— This week’s episode of “WisBusiness: the Podcast” is with Ryan Hunter, chief operating officer at QTS Data Centers.
Hunter shares details on the company’s planned $12 billion data center project in Dane County, which is expected to create about 700 full-time permanent jobs in operations, maintenance, security and other areas. That’s in addition to the 5,000 expected construction jobs supported by the project.
QTS has yet to sign leases with those seeking to use the data center, though Hunter noted the company is seeing plenty of interest from potential tenants.
“In the wave of AI, there’s a lot of demand,” he said. “But it’s not always AI, right, it could be compute services, if you think about typical cloud use cases, it could be enterprise users.”
He also addressed some of the controversy around the QTS project and other hyperscale data centers planned in various Wisconsin communities, which have seen some pushback from locals concerned about energy costs, water usage and other environmental impacts.
Hunter noted the company plans to use a closed-loop cooling system in the Dane County project, which only uses the water needed to originally fill the mechanism. Once it’s filled, the water doesn’t leave the system, unlike other evaporative approaches to data center cooling.
“It’s probably more efficient from a water use perspective than the current use of that land today, like agriculture is actually more water usage-intensive,” he said.

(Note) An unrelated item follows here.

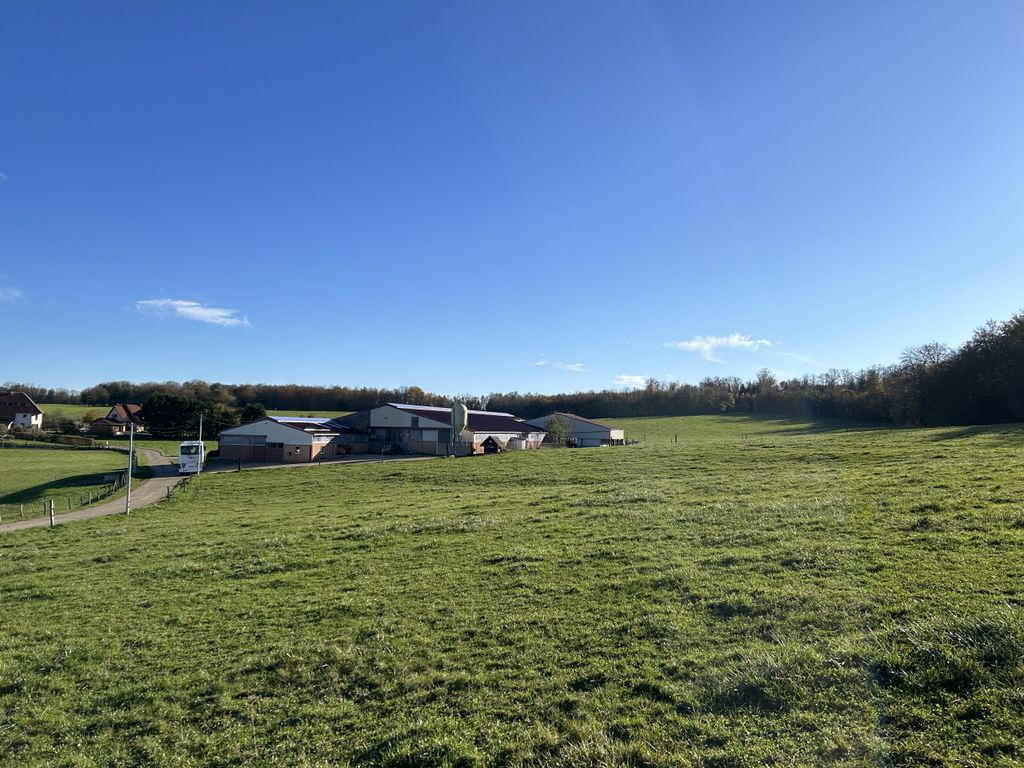 A view of Kovalik's farm yard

He also acknowledged worries about the data center boom driving up utility prices due to rising energy demand. QTS approached the project alongside Madison-based utility company Alliant Energy to identify locations where existing infrastructure could support a large data center, he noted.
“The land that we’ve chosen intersects with that transmission and distribution, so that we don’t have to build miles of transmission to intersect with the data center,” he said, adding “if Alliant does have any cost to serve QTS, that cost burden will be paid solely by QTS.”

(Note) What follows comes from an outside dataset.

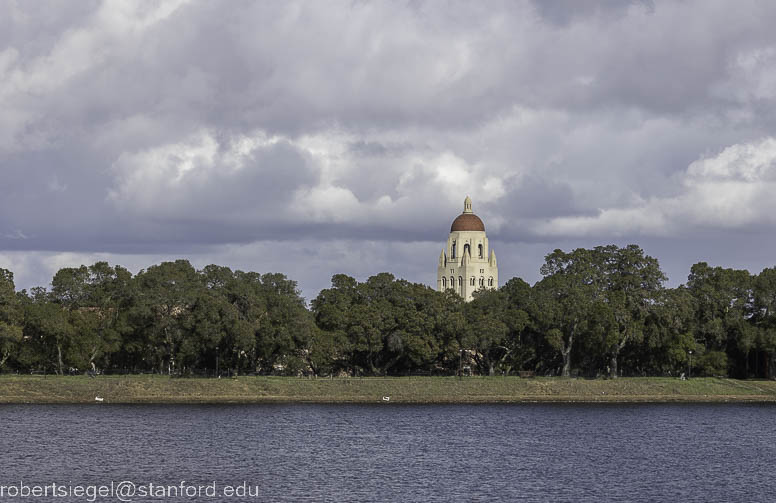 lagunita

After an initial public hearing and filing an annexation proposal in November, the company has reworked its plans to combine two planned annexation filings into one “to give a holistic view of the project,” Hunter said.
The company hopes to get approval for that by around March before submitting a building permit and starting construction after that, with the center coming online by late 2027.
“We’re going to be transparent in what we do,” he said. “We come to a community to serve there, we’re going to be a long-term member of that community.”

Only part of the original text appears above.